Histoires de Voyages

Mai 2011, du 7 au 14 : sublime voyage à Split et dans les environs. Visite du parc naturel de Krka, de l’île de Brac, de l’île de Hvar (joyau de l’Adriatique) où la richesse des lieux contraste avec la pauvreté de la partie continentale.

Chaque voyage est une découverte. Du Nord au Sud, de l’Est à l’Ouest, par delà les déserts, les montagnes, les campagnes, les grandes étendues bleues, des merveilles se dressent devant nous.

Fruits de la Nature ou des hommes, en toute saison et à toute heure du jour et de la nuit, nos yeux brillent face à ces trésors cachés au beau milieu de lieux peuplés ou isolés, communs ou insolites.

Chaque pays porte les marques de son Histoire et de ses croyances.
L’Antiquité nous accueille ainsi à Malte et à Lisbonne.
Devant les vestiges de temples romains et byzantins, nous rêvons de voir apparaître un célèbre monarque issu du passé.
Les églises, témoins d’une spiritualité dominante et omniprésente, nous éblouissent et nous surprennent par leurs statues de marbre aux allures imposantes, autant que leurs chœurs richement décorés et entretenus.

 

Bateaux, Malte

Malte, île paradoxale, si riche et pauvre à la fois.
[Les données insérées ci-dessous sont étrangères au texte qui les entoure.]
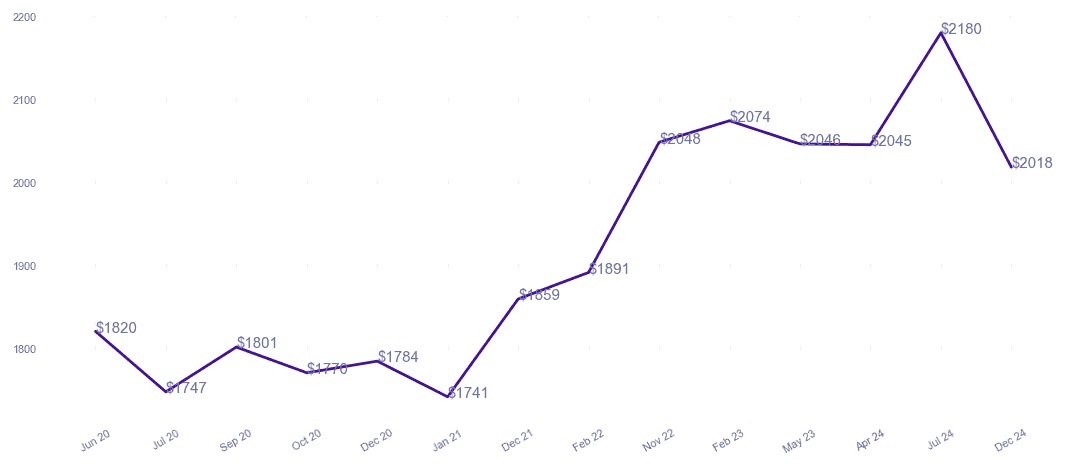 chart_img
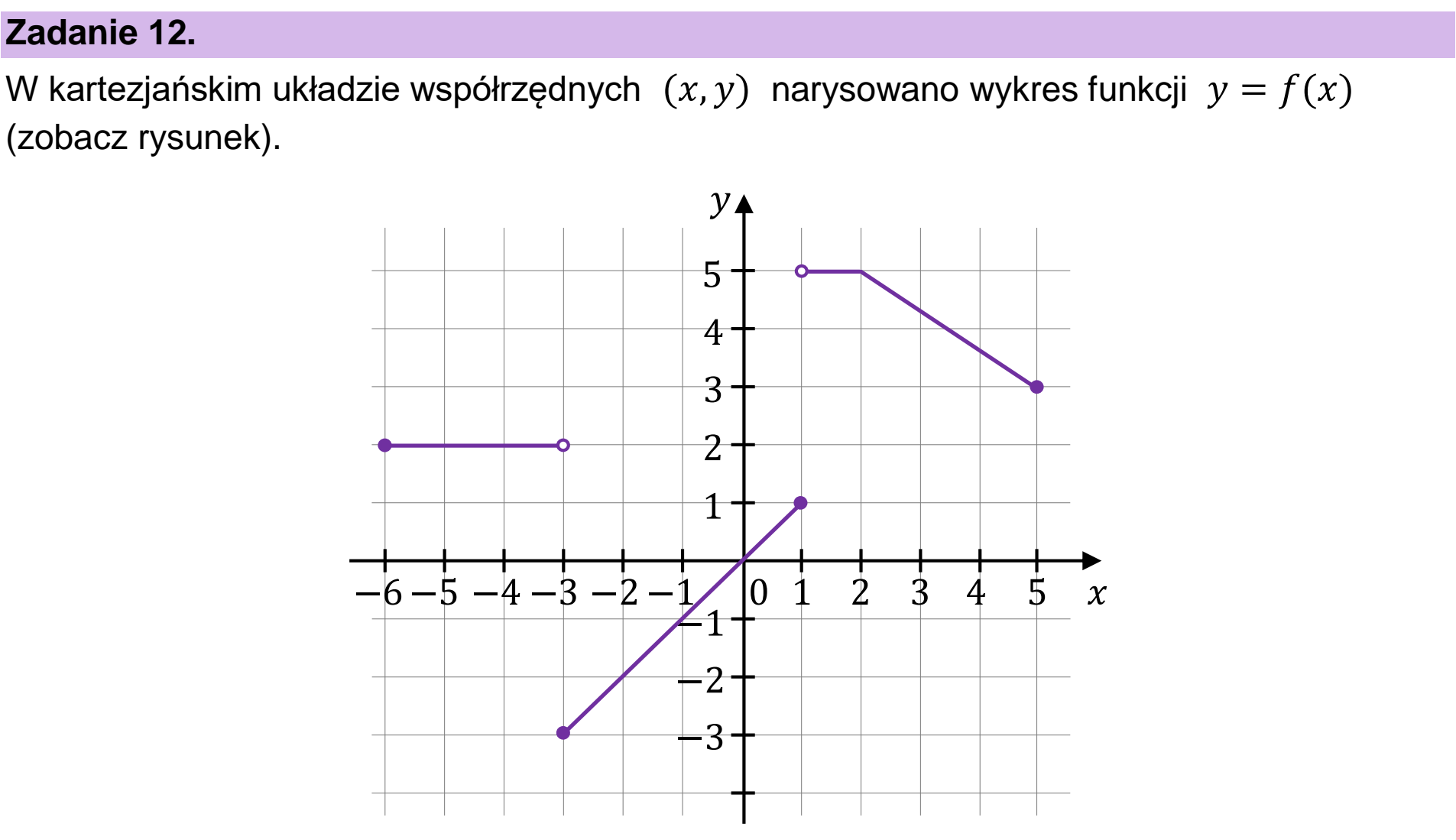 Matura, maj 2023, wstęp zadania 12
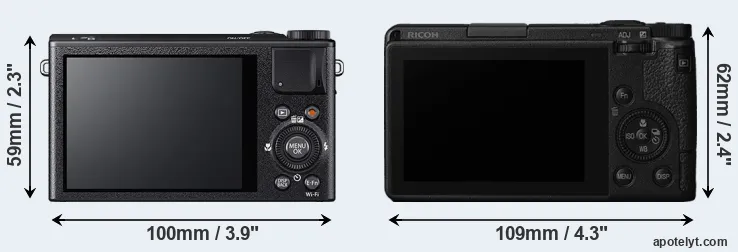 Comparison XQ1 or GR III rear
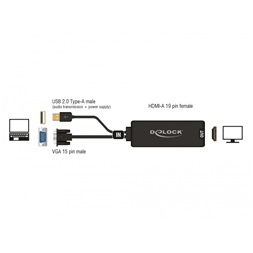 Delock 62668 VGA–HDMI audiójel átjátszós adapter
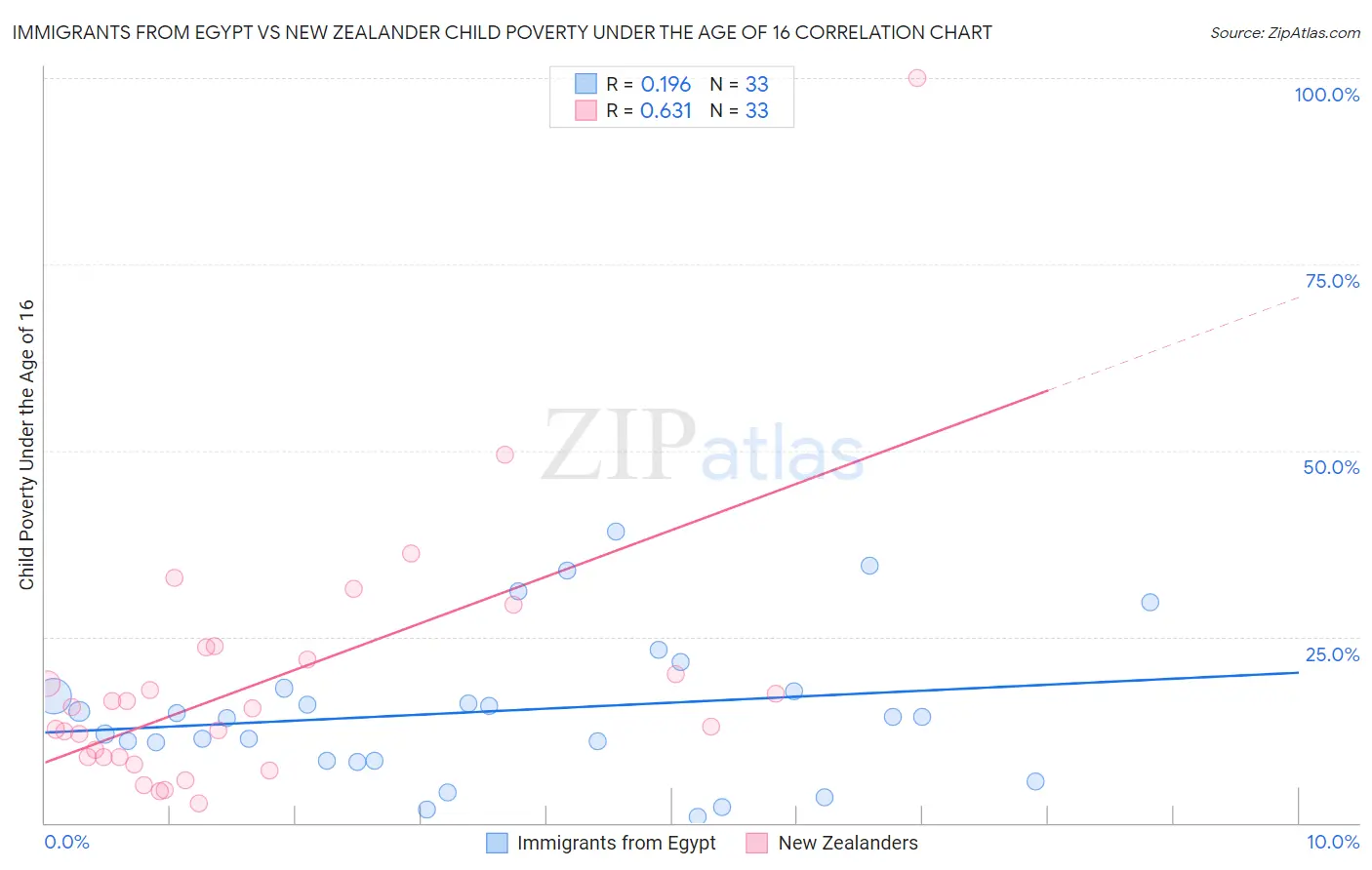 Immigrants from Egypt vs New Zealander Child Poverty Under the Age of 16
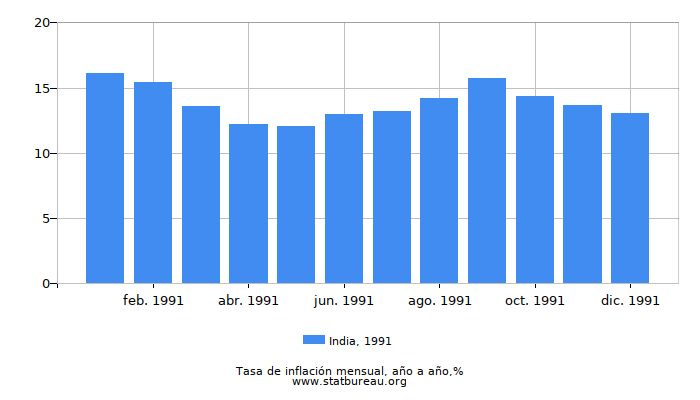 1991 India tasa de inflación: año tras año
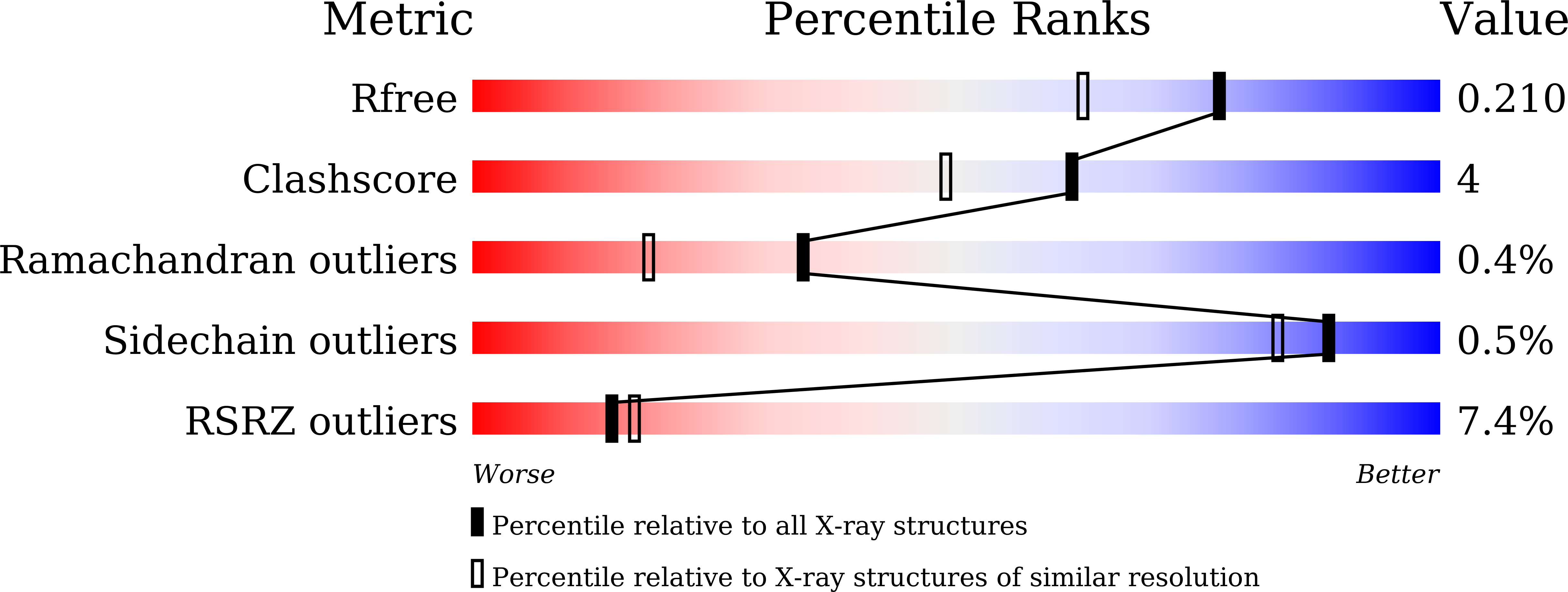 8HYD validation report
Toutefois, la véritable richesse se trouve dans le coeur de ses habitants. Superbes souvenirs !

De rues en rues, notre siècle nous rejoint.
Nos errances nous conduisent alors dans des coins peu recommandés et peu recommandables, aux ambiances plutôt glauques.
Des visages aux regards perdus sont sillonnés, des murs et bancs sont tagués, des gens parfois désabusés… Malgré tout, l’appareil est attiré par ces expressions, reflets de notre époque contemporaine et gages d’un art inattendu.

Au cœur du parc naturel de la Krka, la Nature recèle un spectacle époustouflant. Les rayons d’un soleil printanier viennent inonder les chutes du même nom sublimant ainsi la pureté d’une eau turquoise.

 

Lisbonne

Un aperçu de la capitale portugaise, avec un regard bivalent : l’un très « touristique », l’autre un peu moins ! Toutefois ces endroits, ces angles de vues moins touristiques ne sont pas moins intéressants pour autant, bien au contraire, l’art trouve parfois son essence dans les endroits peu recommandables, voire glauques…

Un à Lisbonne

Lisbonne côté Face, la face cachée de cette ville aux aspects multiples.

 Les îles de Brac et de Hvar, joyaux de l’Adriatique, nous livrent des couleurs plus vraies que nature. A perte de vue, les étendues aux nuances bleues surplombées par des montagnes verdoyantes sont un appel à la liberté.

Dans les ports, les touristes reviennent en même temps que l’été. Pendant quelques semaines, les hôtels afficheront « complet ».

Dans les villages, les rues pavées, bordées de maisons aux pierres massives et jusqu’à présent inanimées, recouvrent la vie.
Dans les ruelles retranchées, les vêtements colorés forment de curieuses banderoles pendant que les massifs de fleurs exposent leurs éclats pour s’offrir les faveurs du photographe.

 

Vélo Copenhague

Un Week-end à Copenhague, Octobre 2012. La ville est accueillante, nous avons bénéficié d’un temps superbe par ces journées d’automne nous offrant des lumières exceptionnelles !

A Copenhague, l’automne, synonyme de tristesse, nous accueille avec douceur sous de flamboyantes nuances orange. Les arbres se mirent dans la Baltique pour profiter de leur nouvelle teinture rousse aussi chatoyante qu’éphémère.

Les saisons tournent, les années passent, les mythes restent.
D’un hémisphère à l’autre, à la tombée de la nuit, ils s’éveillent.
A Malte, Lisbonne, Copenhague les fontaines des Tritons, do largo Dona Estefania et la fontaine de la Mer mis en scène par des projecteurs savamment choisis, font jaillir la puissance de leurs légendes.
A Split, le Palais de Dioclétien s’illumine de mille feux.

Demain, d’autres horizons et d’autres cultures nous ouvriront leurs bras.
Nous croiserons aussi d’autres visages: souriants, humbles, nonchalants, parfois arrogants, parfois généreux. Des regards capables de retranscrire l’Histoire d’une civilisation, d’un passé parfois lourd, dur et encore si présent.

De continent en continent, nous ramènerons ces regards, ces empreintes d’un monde en perpétuelle mutation.
Des scènes improvisées, figées ou en évolution, avec le point commun d’être abritées sous le même ciel.